For the records below, copy exactly the span that begins at the line containing "Toyota Sienta 2017 Blue" and stops after the line containing "Wyndham Torreon hotel hero", minus any pictures.

*Recorded data*:

::::

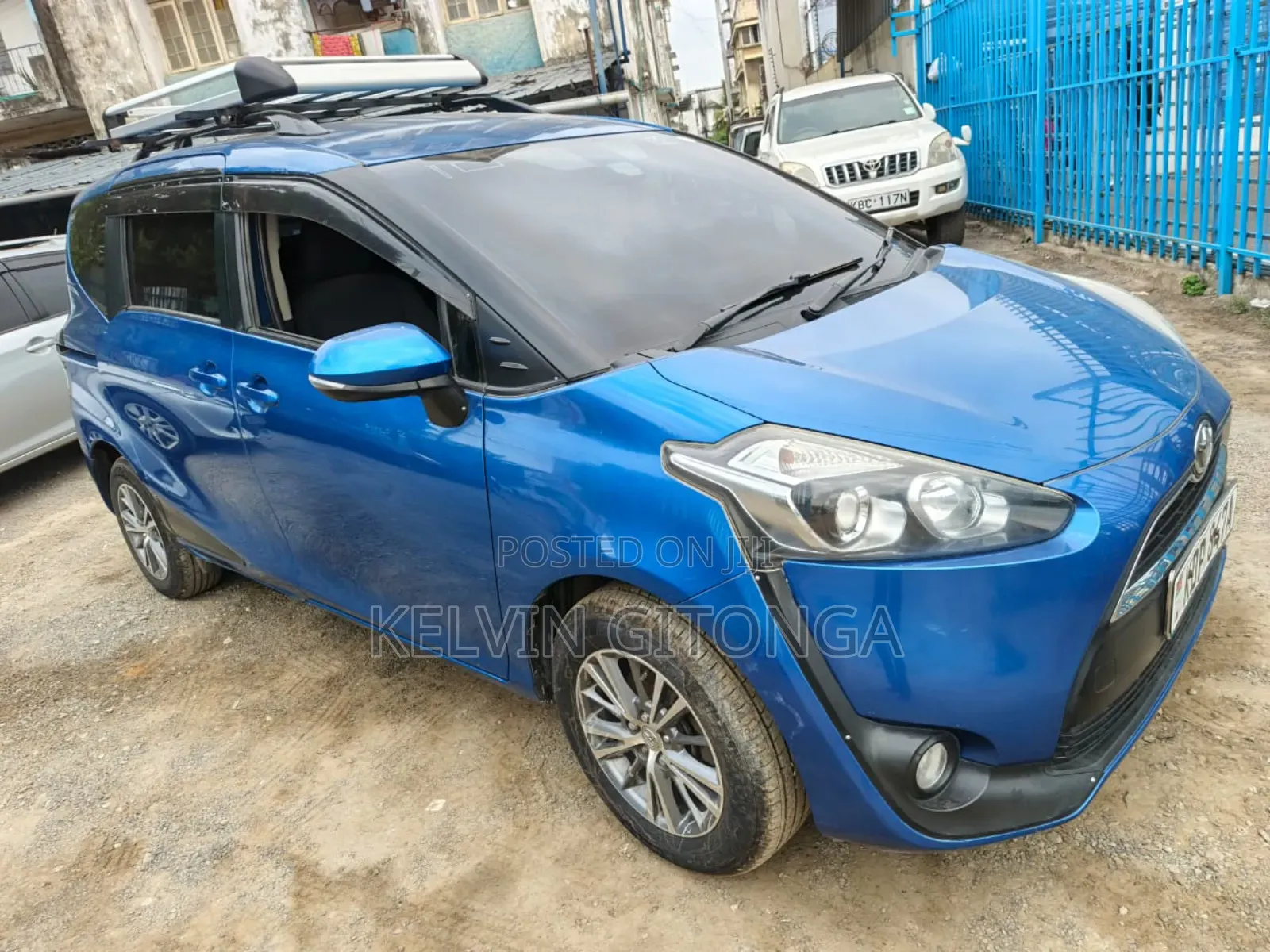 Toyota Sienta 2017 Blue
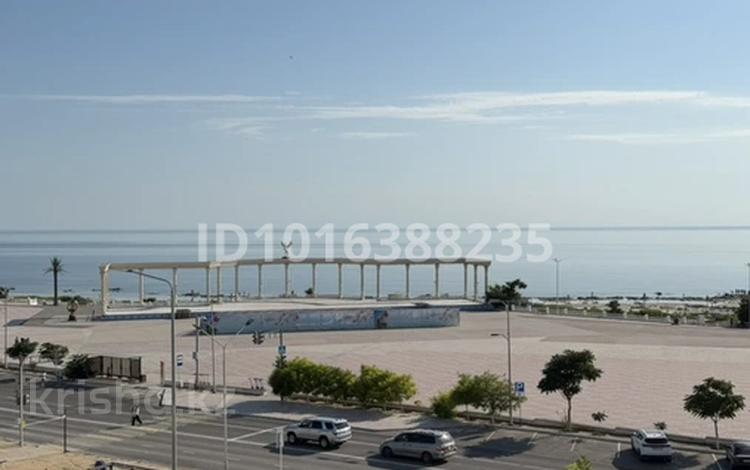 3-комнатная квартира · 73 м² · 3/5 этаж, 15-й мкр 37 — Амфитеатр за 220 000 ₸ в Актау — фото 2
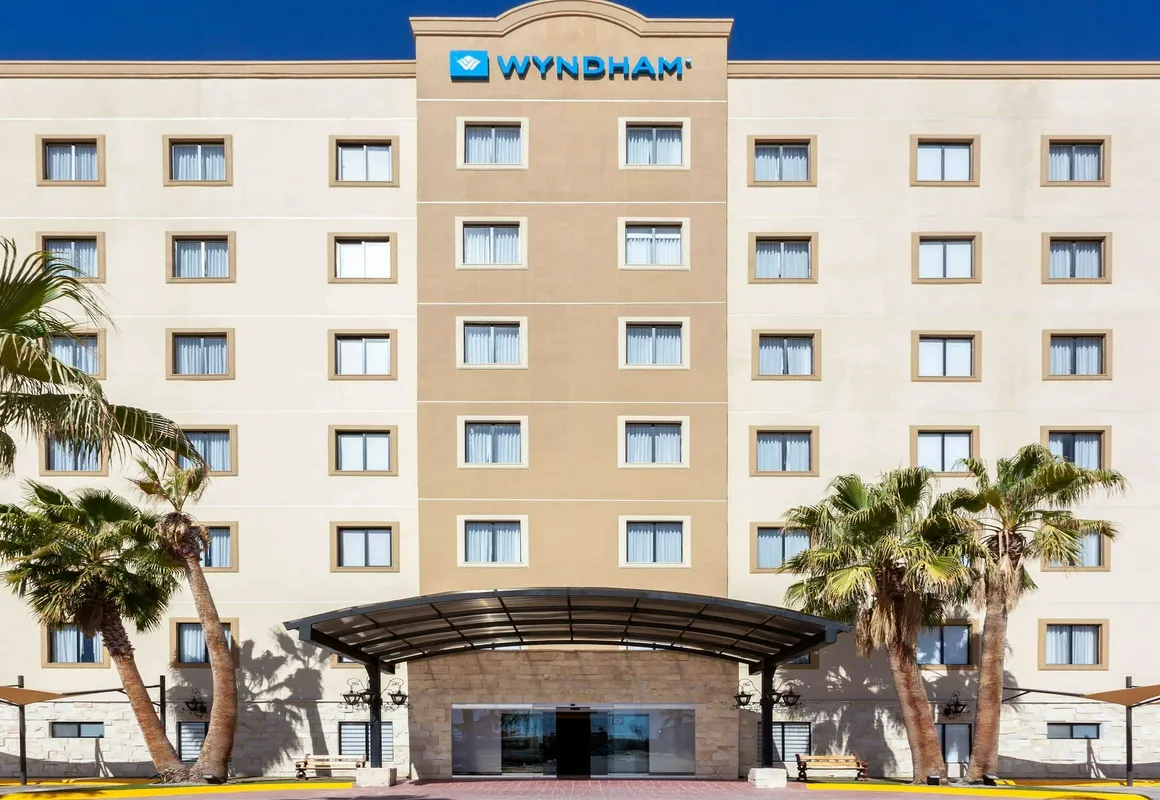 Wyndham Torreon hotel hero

::::

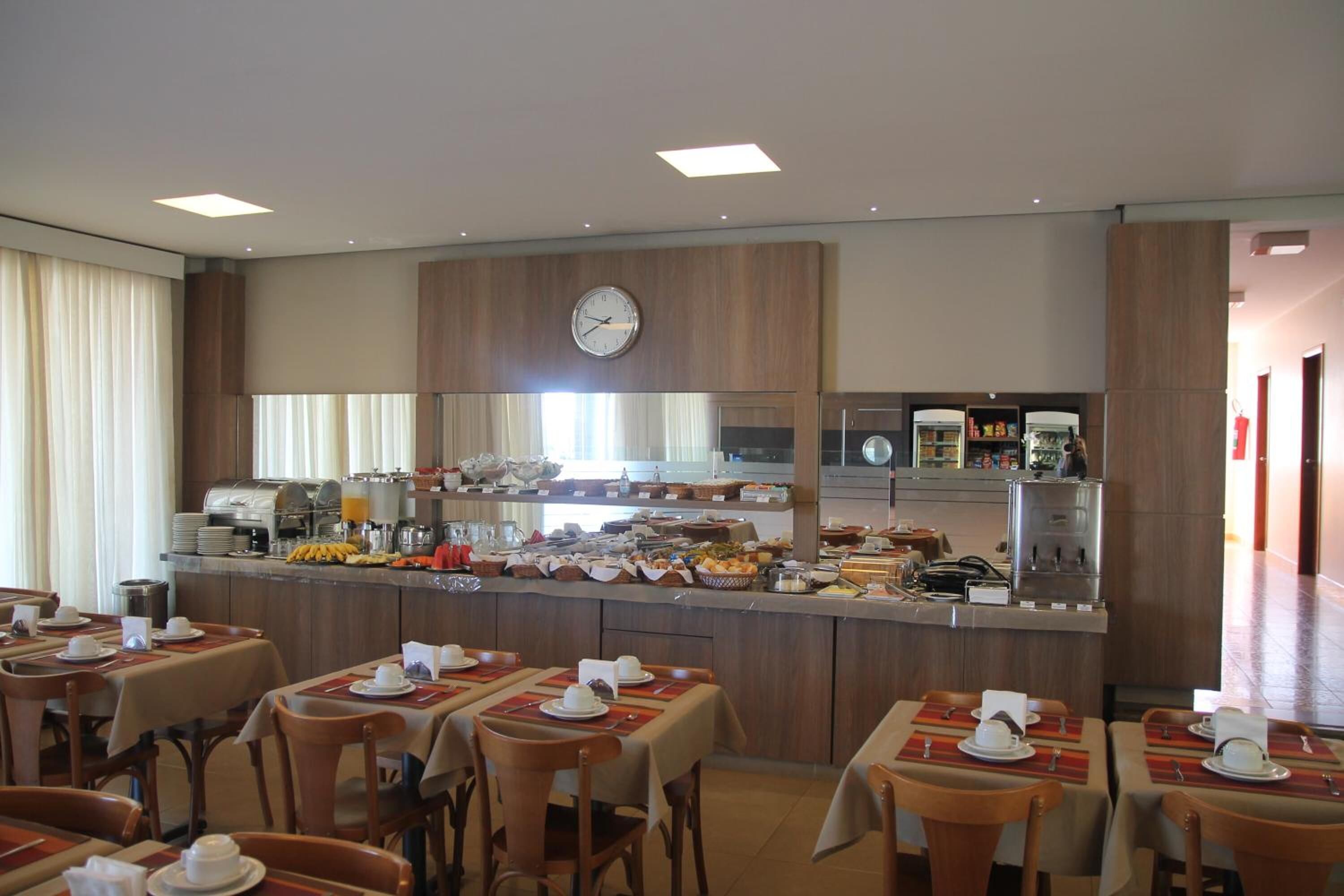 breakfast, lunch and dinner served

::::

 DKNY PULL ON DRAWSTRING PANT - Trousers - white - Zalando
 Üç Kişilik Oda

::::

*Answer*:
 Toyota Sienta 2017 Blue
 3-комнатная квартира · 73 м² · 3/5 этаж, 15-й мкр 37 — Амфитеатр за 220 000 ₸ в Актау — фото 2
 Wyndham Torreon hotel hero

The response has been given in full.